*WHAT IS EXPECTED*
The line containing "panl Rafael Nadal ve finále Australian Open." and each line after it, through the final line of the data, are to be retyped exactly, with pictures left out.

*DATA FOR THIS TASK*
.....

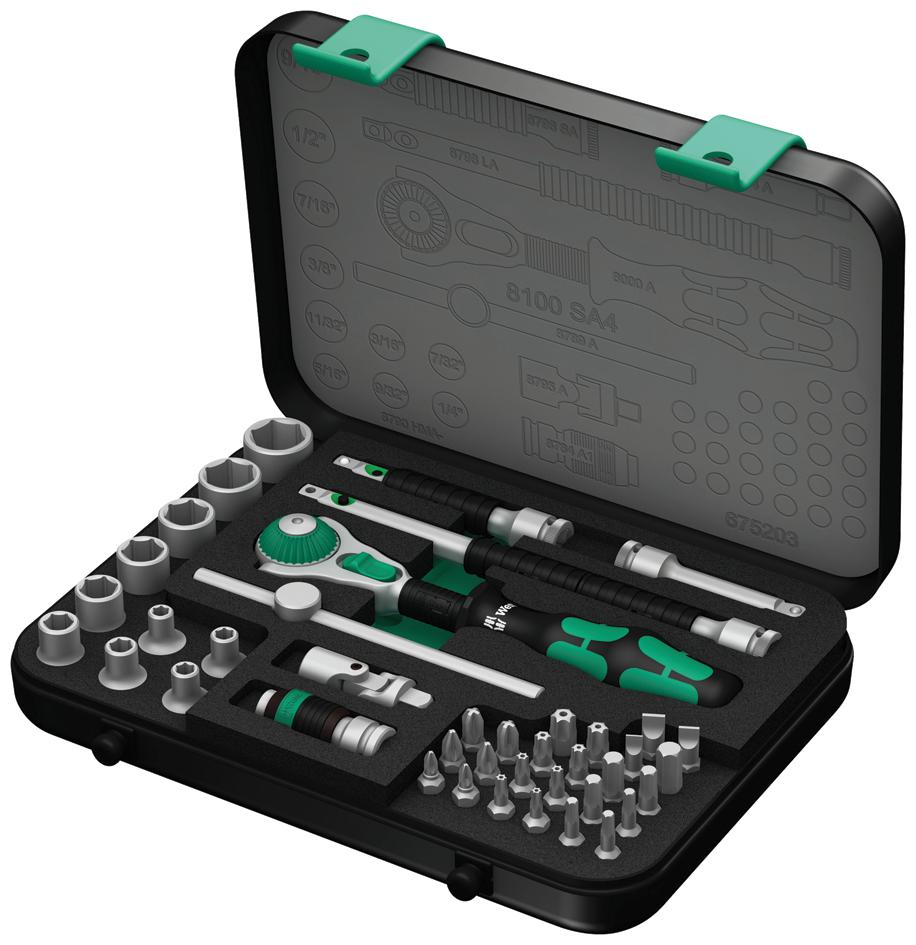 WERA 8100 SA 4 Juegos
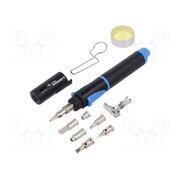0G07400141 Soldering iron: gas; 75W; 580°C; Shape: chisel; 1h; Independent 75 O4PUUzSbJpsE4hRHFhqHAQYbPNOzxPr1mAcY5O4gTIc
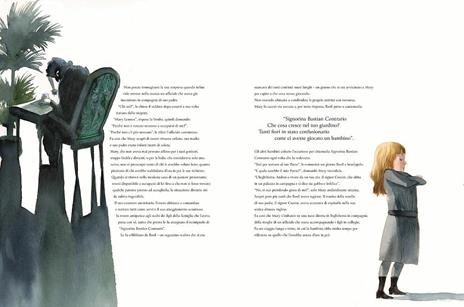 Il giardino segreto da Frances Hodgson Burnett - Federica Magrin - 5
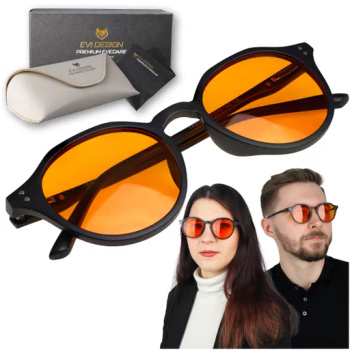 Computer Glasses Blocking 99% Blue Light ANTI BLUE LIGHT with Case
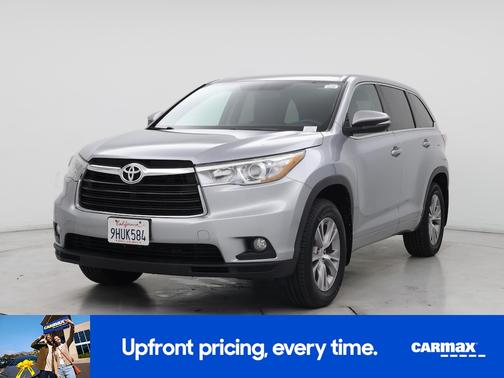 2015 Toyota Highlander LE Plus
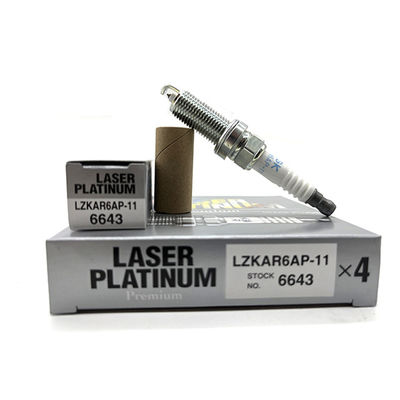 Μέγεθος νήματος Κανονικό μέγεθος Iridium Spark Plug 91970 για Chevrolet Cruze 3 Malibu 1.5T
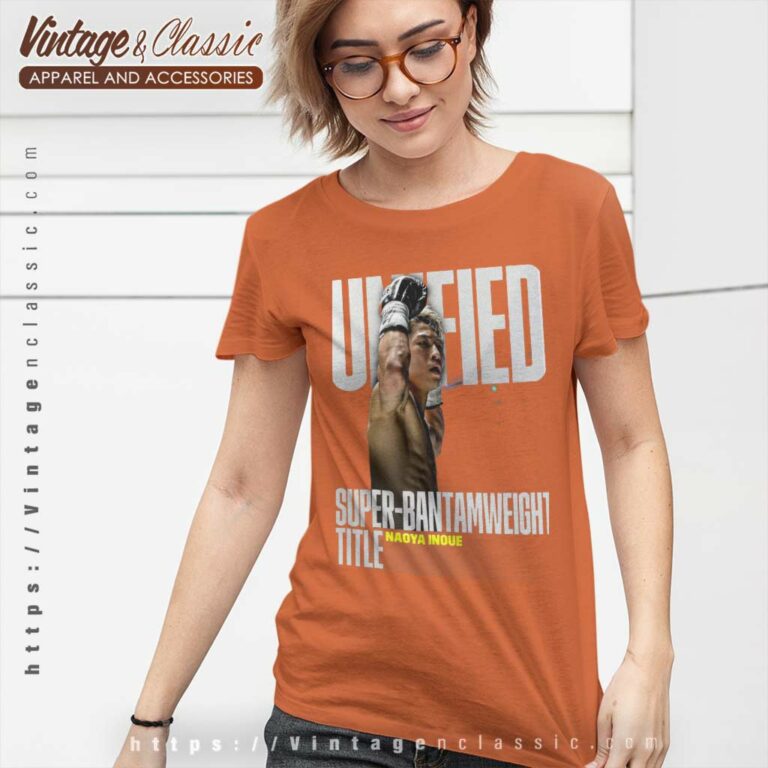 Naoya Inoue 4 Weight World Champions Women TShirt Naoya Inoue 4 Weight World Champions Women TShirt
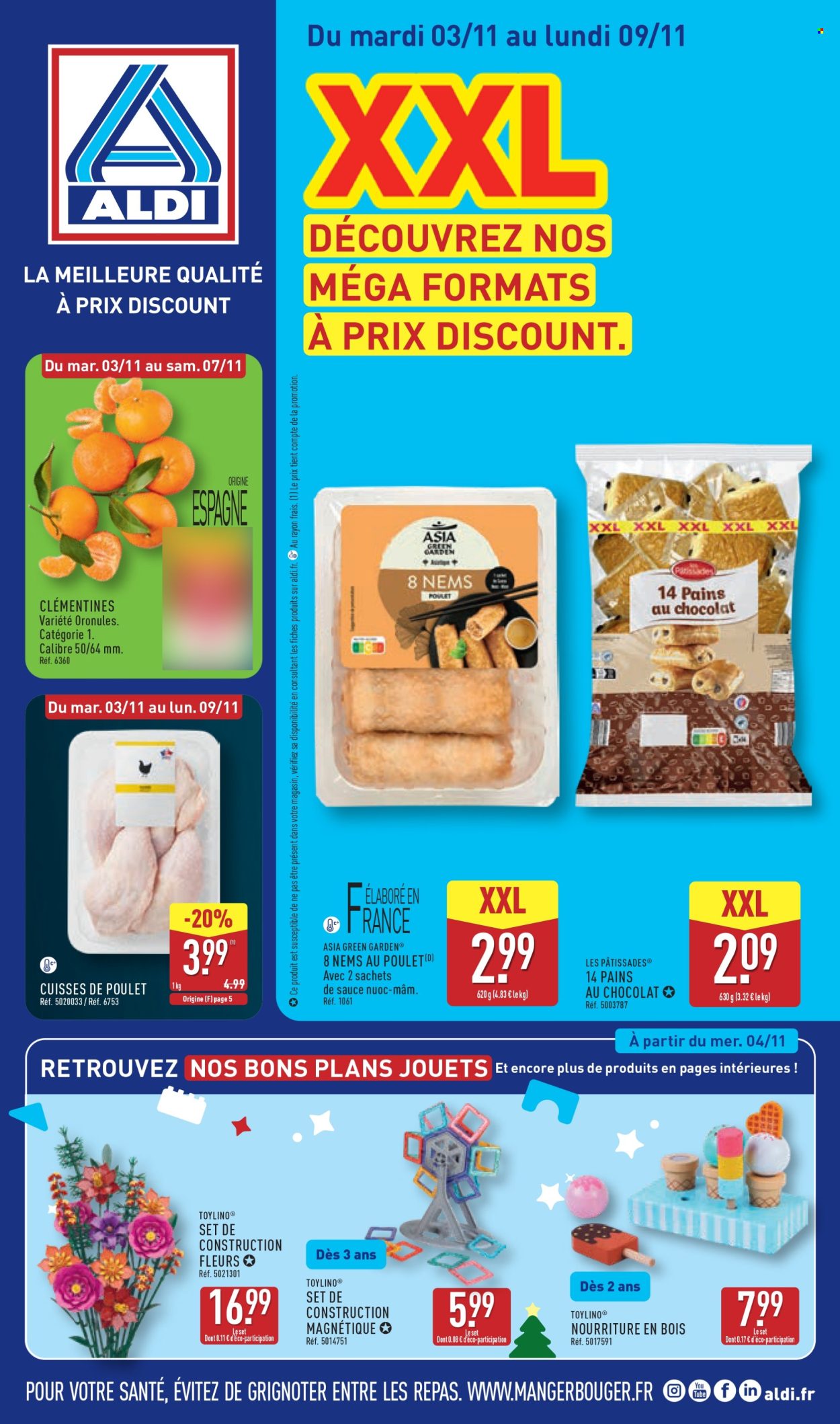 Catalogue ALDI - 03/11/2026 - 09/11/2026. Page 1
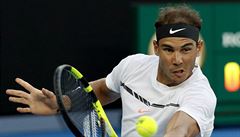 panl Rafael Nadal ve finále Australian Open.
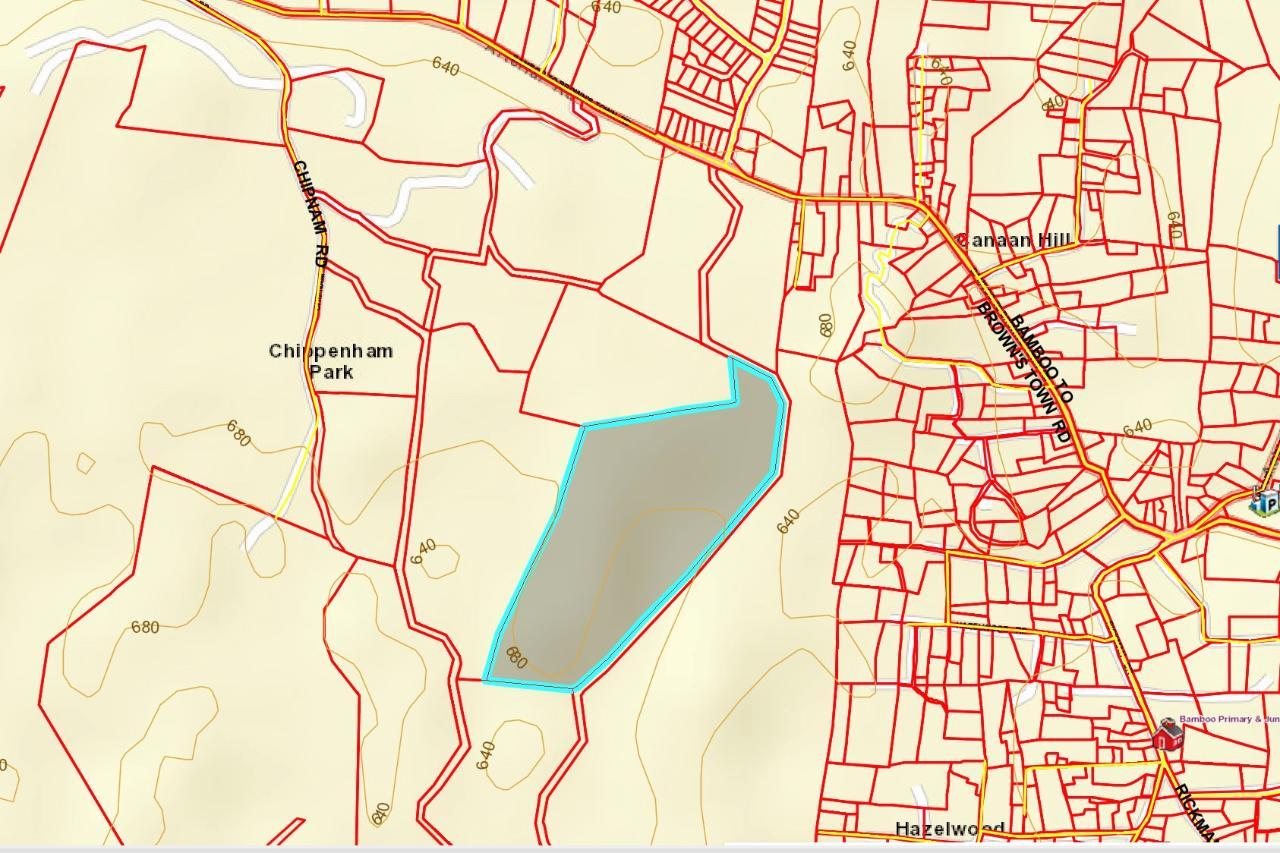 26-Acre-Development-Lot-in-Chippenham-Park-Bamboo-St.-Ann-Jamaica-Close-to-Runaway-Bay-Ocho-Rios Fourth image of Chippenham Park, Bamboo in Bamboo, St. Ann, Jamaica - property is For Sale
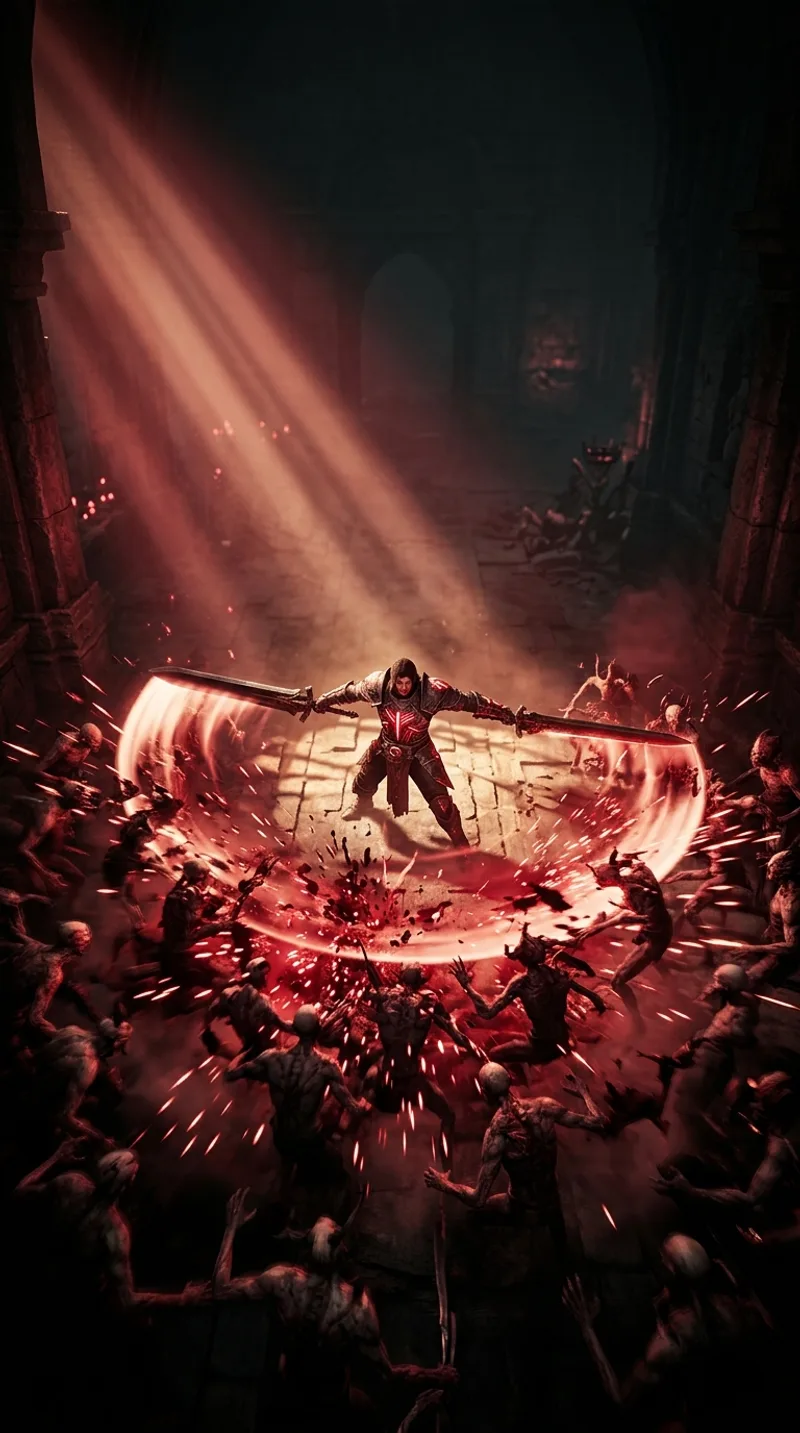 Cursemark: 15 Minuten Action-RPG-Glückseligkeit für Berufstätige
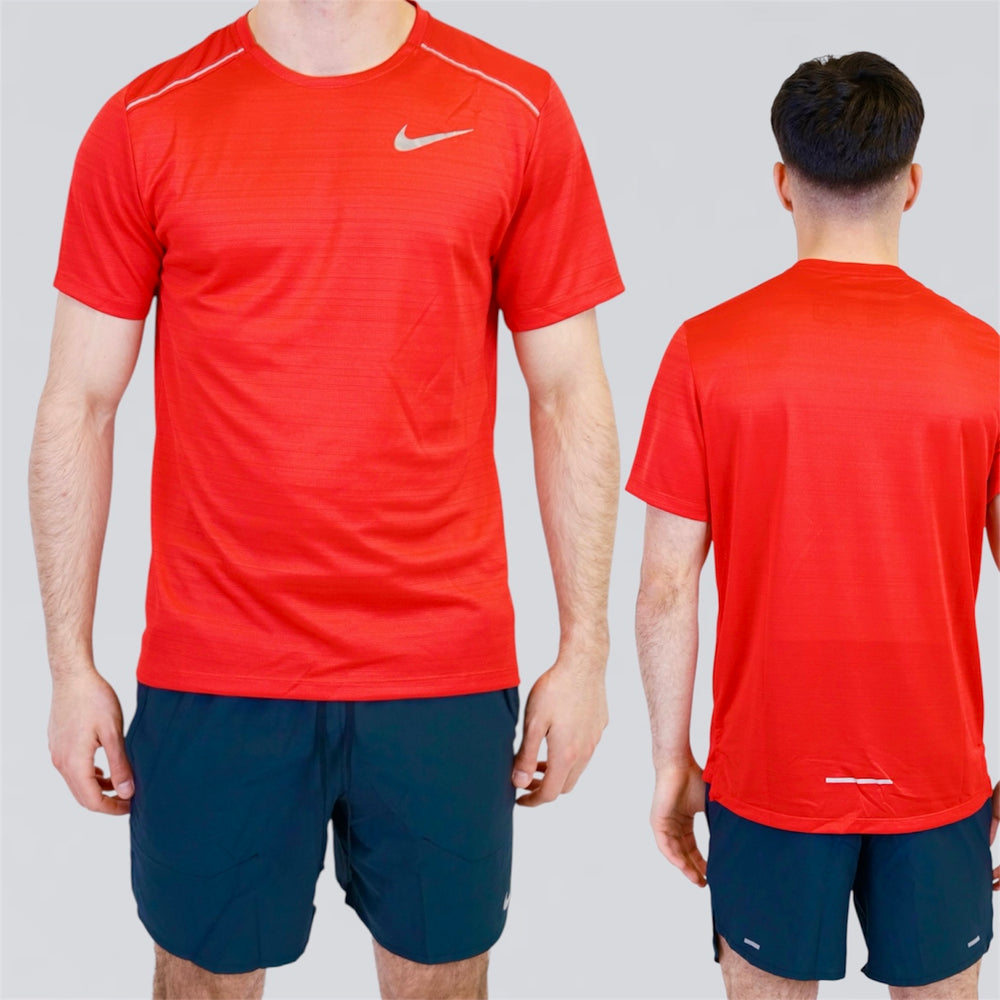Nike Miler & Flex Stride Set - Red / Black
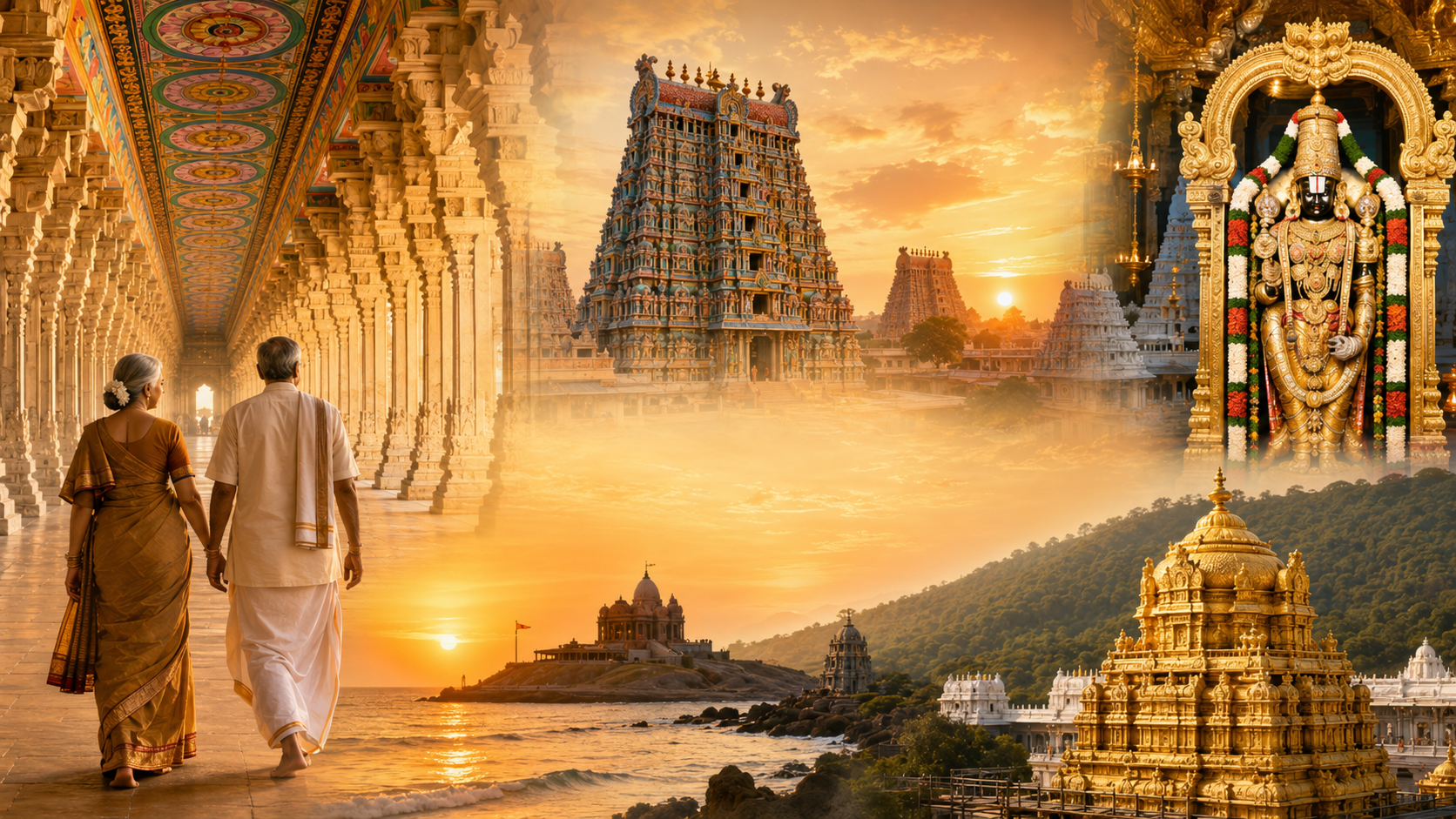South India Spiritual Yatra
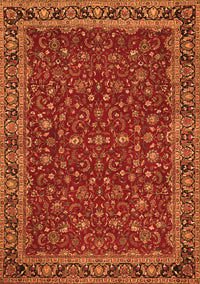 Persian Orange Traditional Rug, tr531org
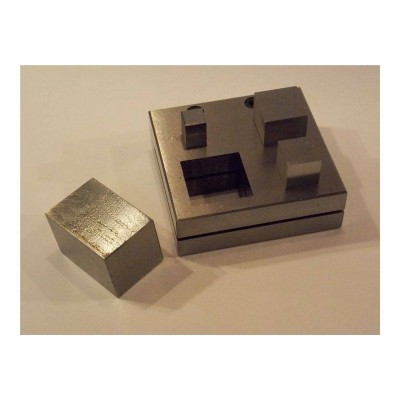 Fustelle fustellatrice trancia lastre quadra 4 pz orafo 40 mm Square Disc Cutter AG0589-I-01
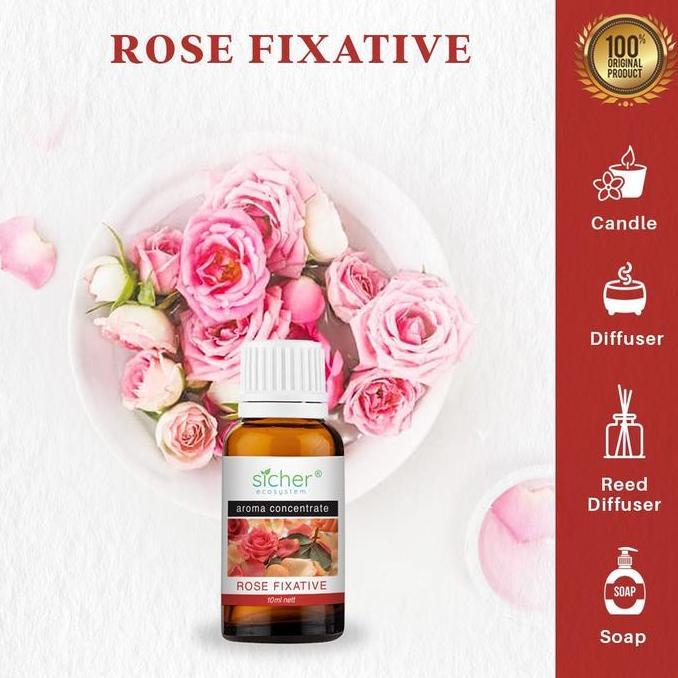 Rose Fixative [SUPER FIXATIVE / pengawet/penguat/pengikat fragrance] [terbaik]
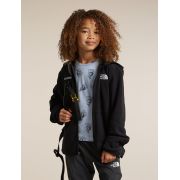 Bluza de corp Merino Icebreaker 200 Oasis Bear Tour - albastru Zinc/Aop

.....

*RESPONSE BELOW*
 panl Rafael Nadal ve finále Australian Open.
 26-Acre-Development-Lot-in-Chippenham-Park-Bamboo-St.-Ann-Jamaica-Close-to-Runaway-Bay-Ocho-Rios Fourth image of Chippenham Park, Bamboo in Bamboo, St. Ann, Jamaica - property is For Sale
 Cursemark: 15 Minuten Action-RPG-Glückseligkeit für Berufstätige
Nike Miler & Flex Stride Set - Red / Black
South India Spiritual Yatra
 Persian Orange Traditional Rug, tr531org
 Fustelle fustellatrice trancia lastre quadra 4 pz orafo 40 mm Square Disc Cutter AG0589-I-01
 Rose Fixative [SUPER FIXATIVE / pengawet/penguat/pengikat fragrance] [terbaik]
 Bluza de corp Merino Icebreaker 200 Oasis Bear Tour - albastru Zinc/Aop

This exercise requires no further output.